Artist Karen Turner's Unique, Powerful Works Evoke Recognition of the Worth of Animal Life
For Immediate Release:
August 5, 2019
David Perle 202-483-7382
New York – From now through August 15, the Ivy Brown Gallery will host “Death Rattles,” a collection of 100 animal-themed rattles created by New Mexico artist and educator Karen Turner. Inspired by the transformative nature of the rattle in indigenous cultures, the thought-provoking exhibit, which is curated by PETA, reinforces the notion that all beings, regardless of species, have the right to live free from exploitation.
What: “Death Rattles” by Karen Turner
Where: Ivy Brown Gallery, 675 Hudson St. (between W. 13th and W. 14th streets), New York
When: Now through Thursday, August 15
A reception with the artist will be held on Wednesday, August 7, from 6 to 8 p.m. (Wine and hors d’œuvres will be served, and media are invited.)
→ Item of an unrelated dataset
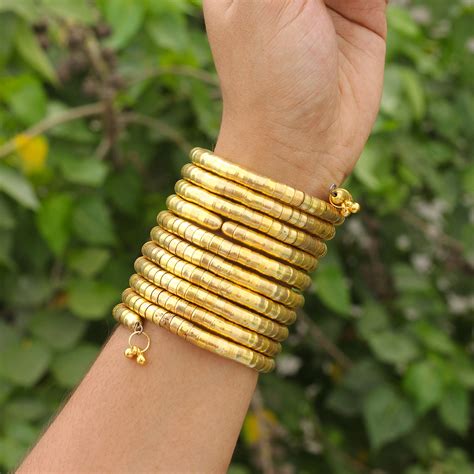 Bohemian Spiral Bangles - Gold – Happy Pique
“Animals are a crucial part of every ecosystem on Earth, yet we have destroyed their habitats with clearcutting and poison, filled the oceans with plastic and garbage, and sentenced our fellow beings to a lifetime of suffering in the food industry, laboratories, roadside zoos, circuses, puppy mills, and more,” says Turner. “These death rattles symbolize the importance of letting harmful practices die out so we can allow the remaining life on our planet to recover and thrive.”
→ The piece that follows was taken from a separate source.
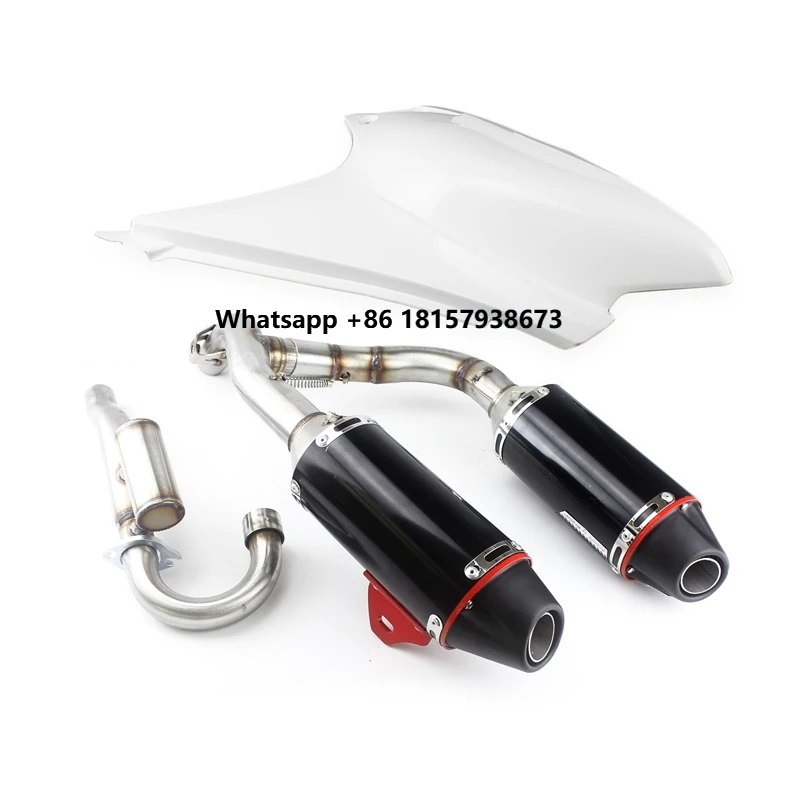 Motorcycle Complete Dual Muffler Exhaust System for Honda CRF150F CRF230F 2003-2016
Motorcycle Complete Dual Muffler Exhaust System for Honda CRF150F CRF230F 2003-2016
Turner founded the Oz School in Santa Fe, New Mexico, and has a long history of animal protection advocacy, including children’s art exhibitions to benefit chimpanzee rehabilitation projects and lending support to a successful ban on cockfighting.
The gallery is open Monday through Friday from 10 a.m. to 5 p.m. Proceeds will benefit PETA, which opposes speciesism, a human-supremacist worldview.